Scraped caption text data
━━━━━━━━━━━━━━━━
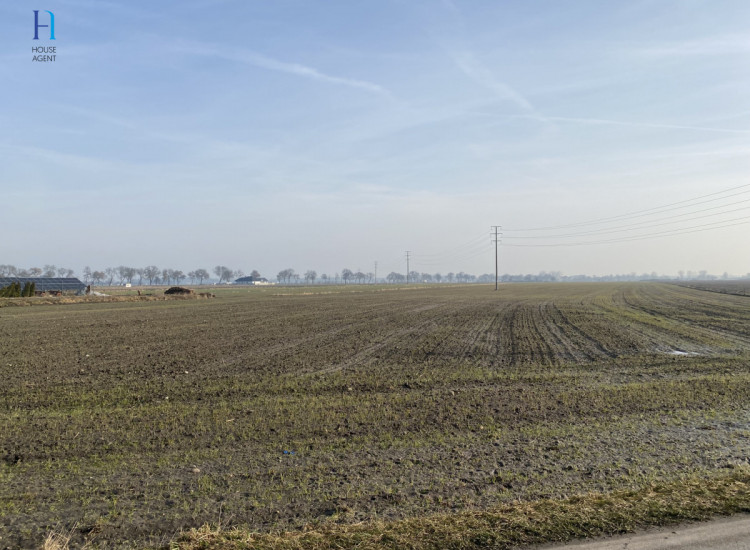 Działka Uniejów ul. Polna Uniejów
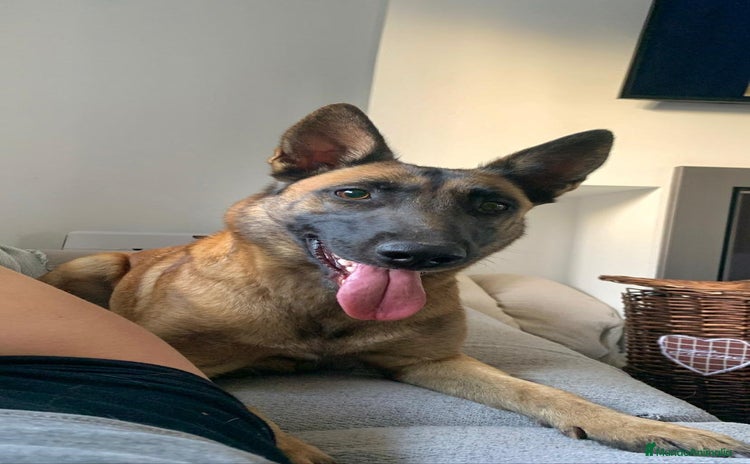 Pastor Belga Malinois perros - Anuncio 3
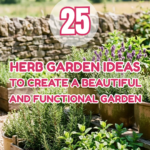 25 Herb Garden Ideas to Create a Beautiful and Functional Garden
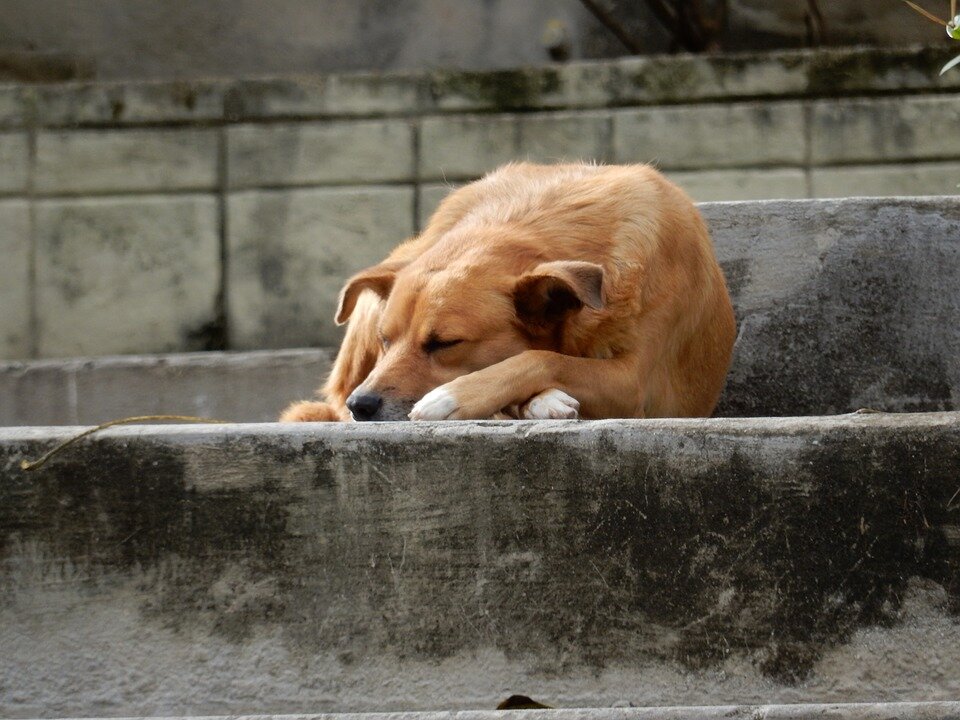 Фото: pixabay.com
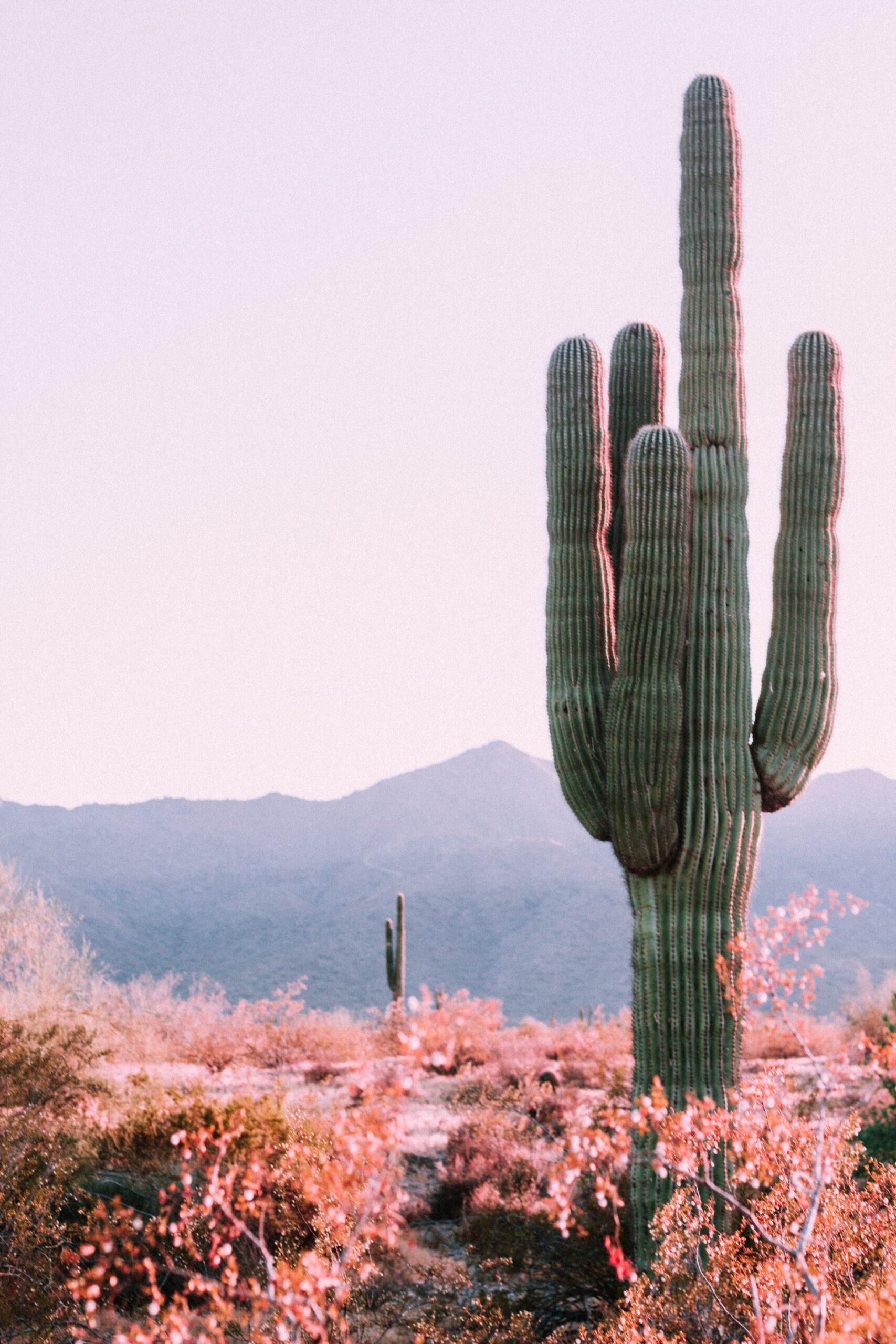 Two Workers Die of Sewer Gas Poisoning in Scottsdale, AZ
━━━━━━━━━━━━━━━━
* **ABOUT THIS EXERCISE**:
Nothing but the lines from the line containing "Pastor Belga Malinois perros - Anuncio 3" through the last line of the records above is to be extracted, exactly and with no pictures.

* **TASK RESPONSE**:
 Pastor Belga Malinois perros - Anuncio 3
 25 Herb Garden Ideas to Create a Beautiful and Functional Garden
 Фото: pixabay.com
 Two Workers Die of Sewer Gas Poisoning in Scottsdale, AZ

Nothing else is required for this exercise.